However, since there is no significant difference between the
connection structures, the connection structure regarding the first
terminal 61 and the second terminal 70 shown in the cross-sectional
view of FIG. 1 will be described below.
[0053] In the present embodiment, the bus bar 50 as a connection
member is a plate-like body made of a conductive material such as
copper. A first connection portion 51, which is connected to the
first terminal 61, is formed in an end of the bus bar 50 on the
motor accommodating chamber 11 side, that is, on the sidewall 5
side. On the other hand, a second connection portion 52, which is
connected to the second terminal 70, is formed in an end of the bas
bar 50 on the opposite side to the motor accommodating chamber 11,
that is, on the sidewall 6 side. As shown in FIGS. 1 through 3, the
extending direction of the first connection portion 51 and the
extending direction of the second connection portion 52 are
substantially perpendicular to each other.
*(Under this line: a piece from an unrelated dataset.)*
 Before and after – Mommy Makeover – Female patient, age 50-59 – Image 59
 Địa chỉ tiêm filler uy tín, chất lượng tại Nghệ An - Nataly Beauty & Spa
[0054] As shown in FIG. 1, the extending direction of the first
terminal 61 and the extending direction of the first connection
portion 51 are substantially parallel to each other, and the first
connection portion 51 and the first terminal 61 are fixedly
fastened in the up-down direction by the fastening bolt 62. By
fixedly fastening the first connection portion 51 and the first
terminal 61 in this manner, the extending direction of the first
connection portion 51 becomes substantially perpendicular to the
axial direction of the fastening bolt 62. Moreover, since the
extending direction of the first connection portion 51 and the
extending direction of the second connection portion 52 are
substantially perpendicular to each other as described above, the
extending direction of the second connection portion 52 becomes
substantially parallel to the axial direction of the fastening bolt
62. Moreover, since the fastening bolt 62 is provided so as to be
fastened from upward to downward, the fastening work can be
performed from the opening 12. More specifically, a fastening hole
64 for screwing the fastening bolt 62 therein is provided in the
first terminal 61, and an insertion hole 53 for inserting the
fastening bolt 62 therethrough is provided in the first connection
portion 51 of the bus bar 50 that is disposed on the first terminal
61. Thus, the first connection portion 51 and the first terminal 61
are fixedly fastened by inserting the fastening bolt 62, together
with a spring washer 68 and a plain washer 69, into the insertion
hole 53 of the first connection portion 51 from above, and screwing
the fastening bolt 62 in the first fastening hole 64 of the first
terminal 61.
[0055] In the present embodiment, the fastening hole 64 is provided
in the first terminal 61 by providing a nut 63, which has the
fastening hole 64 as a female screw portion, integrally with the
first terminal 61 by welding or the like. Note that the fastening
hole 64 may be integrally provided in the first terminal 61 by
burring and tapping the first terminal 61.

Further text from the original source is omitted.